La necessità di un obiettivo nature-positive
Una doppia emergenza, dunque, quella climatica e quella della biodiversità, che necessitano di essere affrontate insieme, “due facce della stessa medaglia, causate dall’uso insostenibile delle risorse del nostro pianeta”, scrive nel report il WWF chiarendo che “se non smettiamo di trattare queste emergenze come due problemi separati, nessuno di essi sarà affrontato in modo efficace”.

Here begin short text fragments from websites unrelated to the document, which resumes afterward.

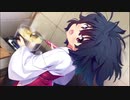 aisssyさんの ISLAND【実況プレイ】その50 -紗羅ちゃん編-
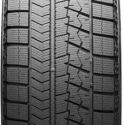 205 55 R16 Bridgestone Vrx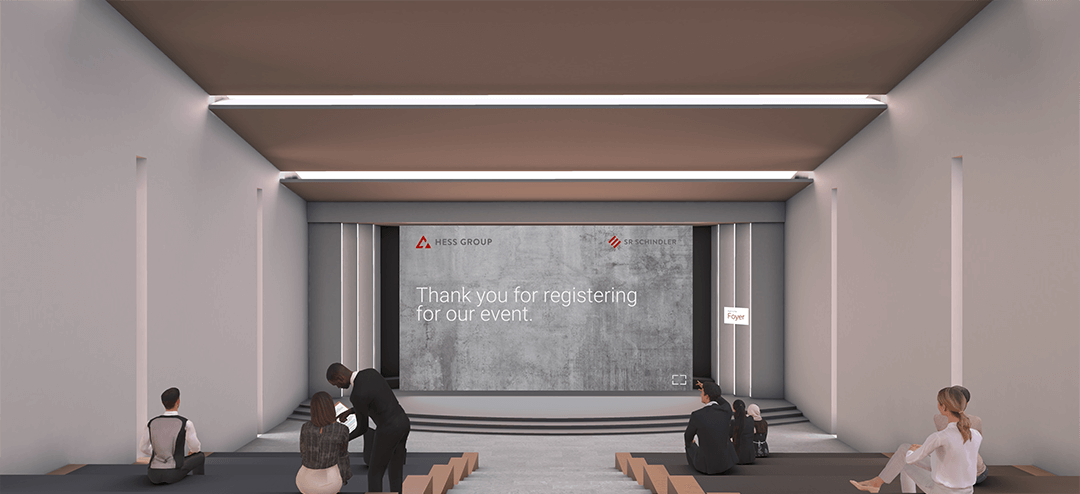 D88尊龙(中国区)官方网站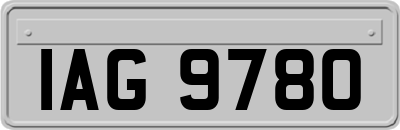 IAG9780
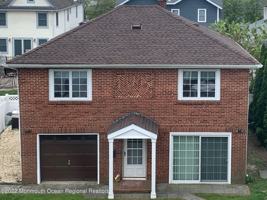 featured image of 515 Monmouth Ave Rear #REAR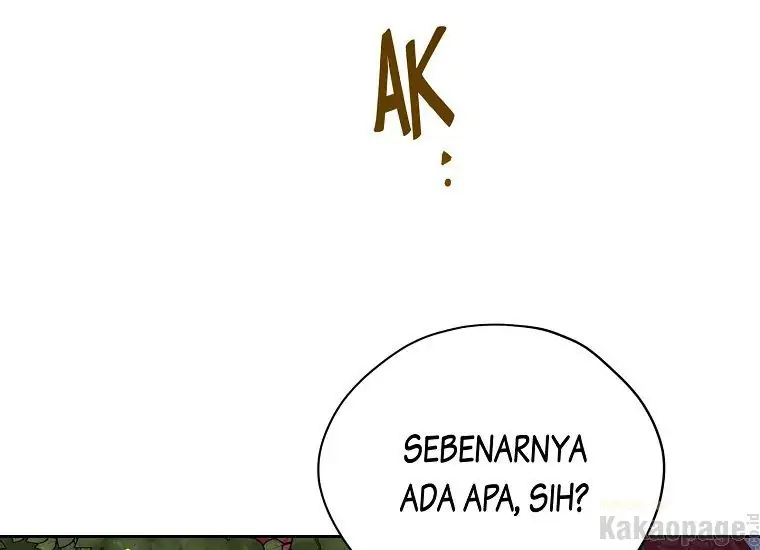 Actually, I Was the Real One Chapter 88 Gambar 117
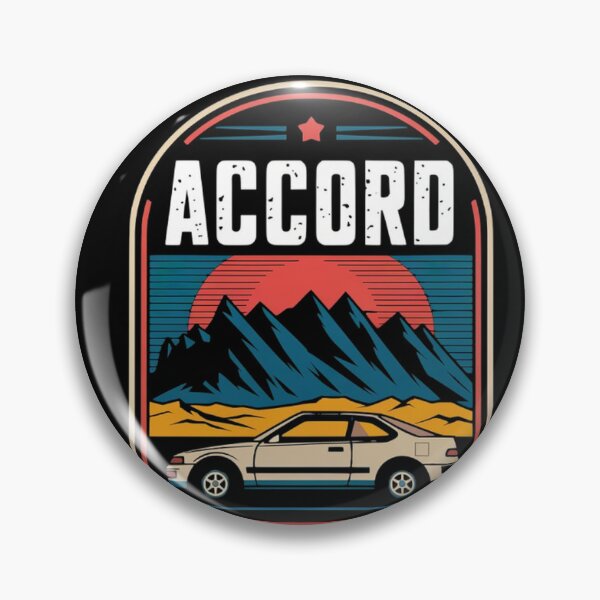 Item preview, ACCORD designed and sold by Clothpoints02.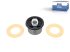 DT Spare Parts - Bushing, repair kit, cabin suspension, d: 24 mm, D: 79 mm, H: 74 mm - 4.81553
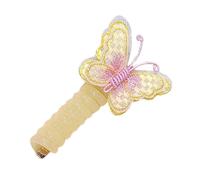 Telephone Wire Hair Ties | Colorful Spiral Hair Ties - Elastics, Stylish Tie, Ponytail Holders, Bands For All Type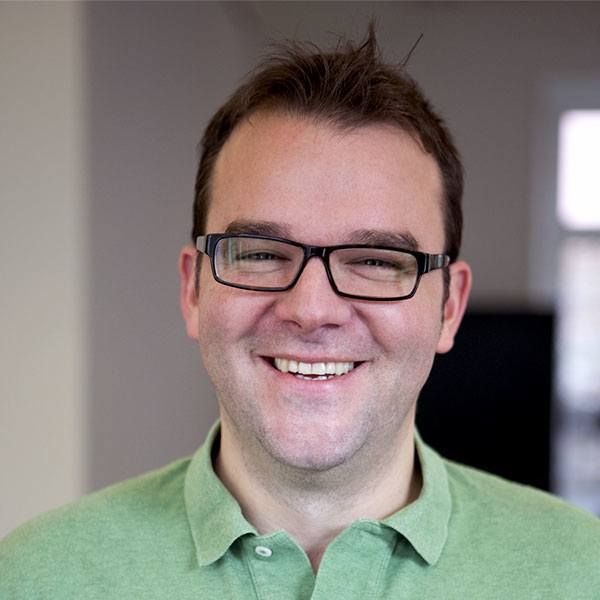 Reto Lämmler - CEO and Founder at TestingTime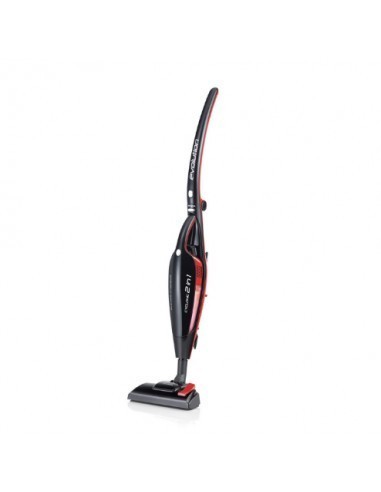 ariete-2764-aspirador-escoba-con-cable-evo-2-en-1-1.jpg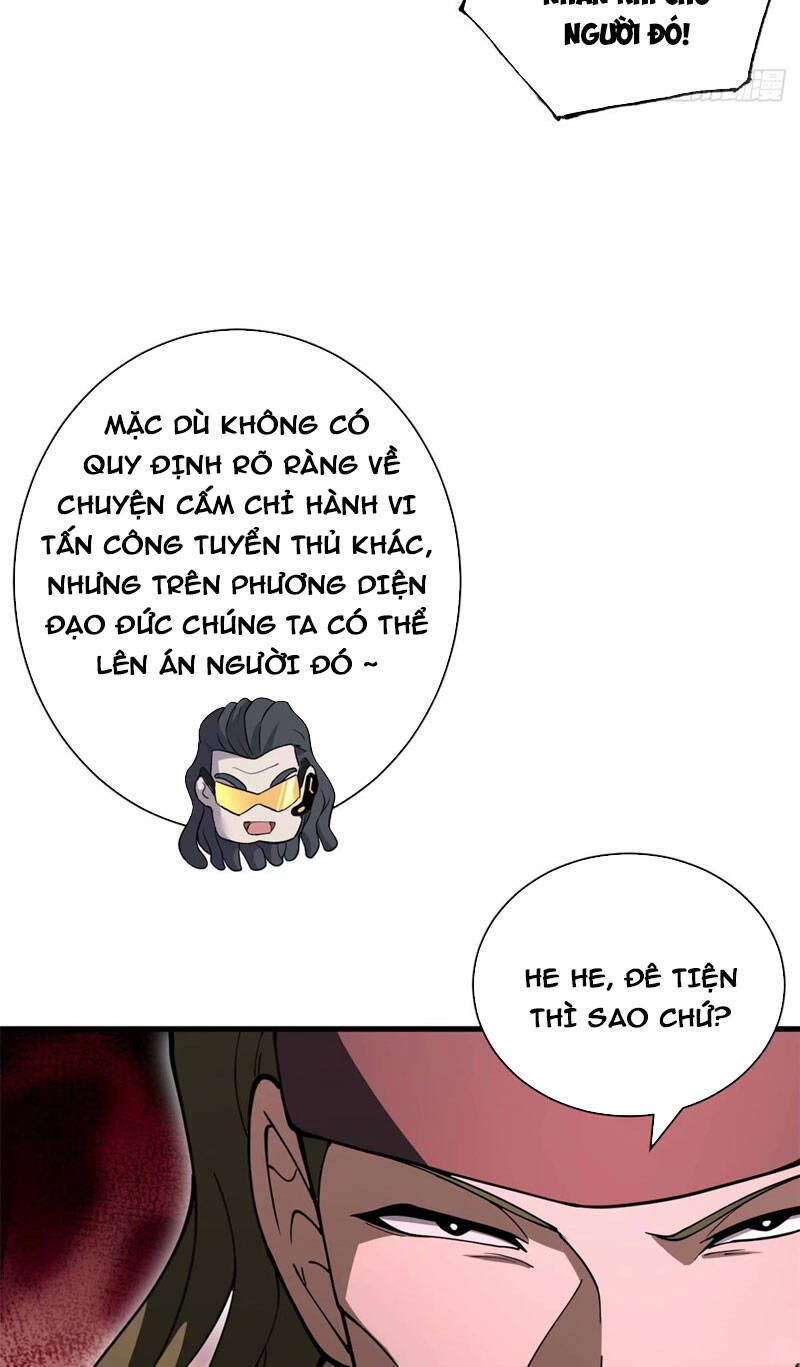 Chapter 80 - Trang 41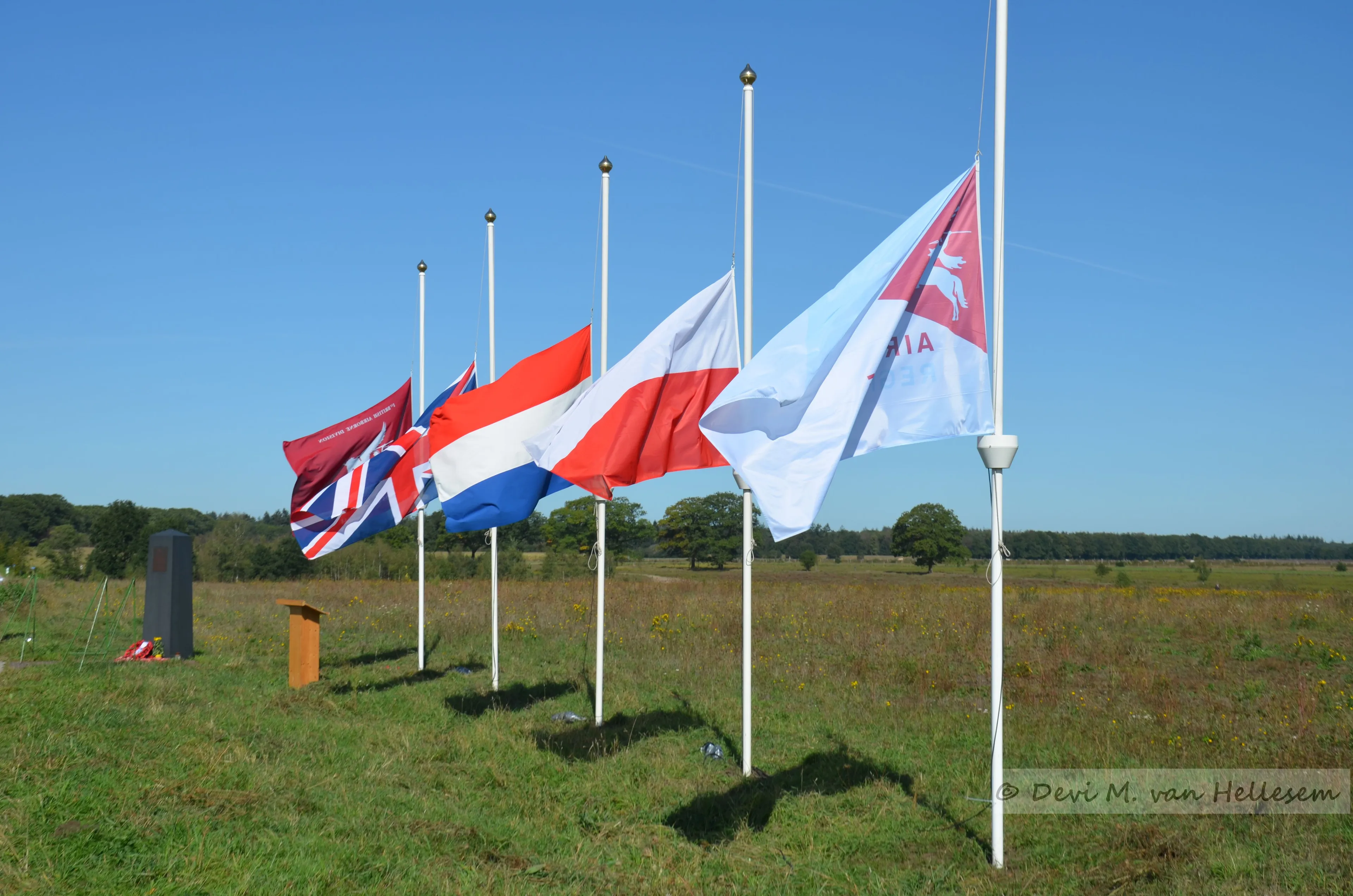 renkum18 09 2020 1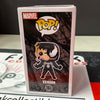 Pop Marvel: Venom- Venom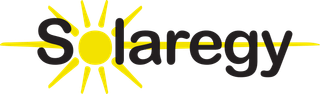 Solaregy UG (haftungsbeschränkt) Logo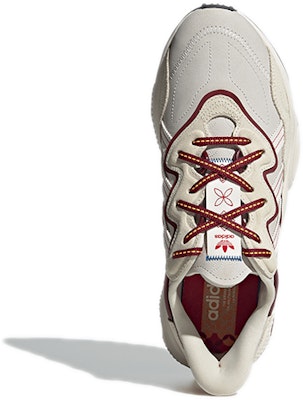 adidas Ozweego Year of the Tiger GX8878 Purchase adidas Ozweego Year of the Tiger GX8878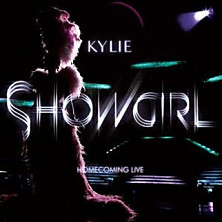 Review of Showgirl: Homecoming Live In Sydney Review of Showgirl: Homecoming Live In Sydney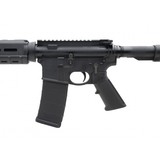 "S&W M&P15 5.56mm (R30829)" - 2 of 4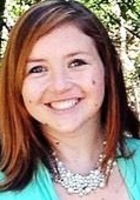 Tutoring review by Haley in Eagan, MN Tutoring review by Haley in Eagan, MN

E proprio all’approccio alla questione climatica si ispira l’appello rivolto dal WWF a livello globale per affrontare il problema della perdita di biodiversità. Come fu per l’Accordo di Parigi sottoscritto nel 2016 con l’impegno globale a raggiungere l’obiettivo di zero emissioni nette entro il 2050, anche per la biodiversità serve un piano “concordato a livello globale e attuato localmente”, spiega Marco Lambertini, Direttore generale WWF International. “Ma quale può essere l’equivalente di ‘zero emissioni nette’ per la biodiversità? Raggiungere zero perdite nette per la natura non è certamente sufficiente; abbiamo bisogno di un obiettivo netto positivo per la natura, per ripristinare la natura e non semplicemente fermarne la perdita. In primo luogo, perché abbiamo perso e continuiamo a perdere così tanta natura a una velocità tale che abbiamo bisogno di questa maggiore ambizione. E, in secondo luogo, perché la natura ci ha mostrato che può riprendersi – e rapidamente – se gliene viene data la possibilità”.
Ecco, dunque, l’obiettivo al quale puntare, indicato dal WWF: un mondo nature-positive entro il 2030 – “che, in parole povere – spiega ancora Lambertini – significa più natura entro la fine di questo decennio rispetto ad ora. Più foreste naturali, più pesci negli oceani e nei sistemi fluviali, più impollinatori nei nostri terreni agricoli, più biodiversità in tutto il mondo”. L’appello lanciato dal WWF è ad abbracciare la missione nature-positive facendone un obiettivo globale condiviso alla prossima conferenza della Convenzione sulla Diversità Biologica (COP15) delle Nazioni Unite, in programma a Montreal, in Canada, a dicembre, sotto la presidenza della Cina. Un accordo in “stile Parigi”, appunto, che “preveda un’azione immediata sul campo, anche attraverso la trasformazione dei settori che causano la perdita di natura, e il sostegno finanziario ai Paesi in via di sviluppo“.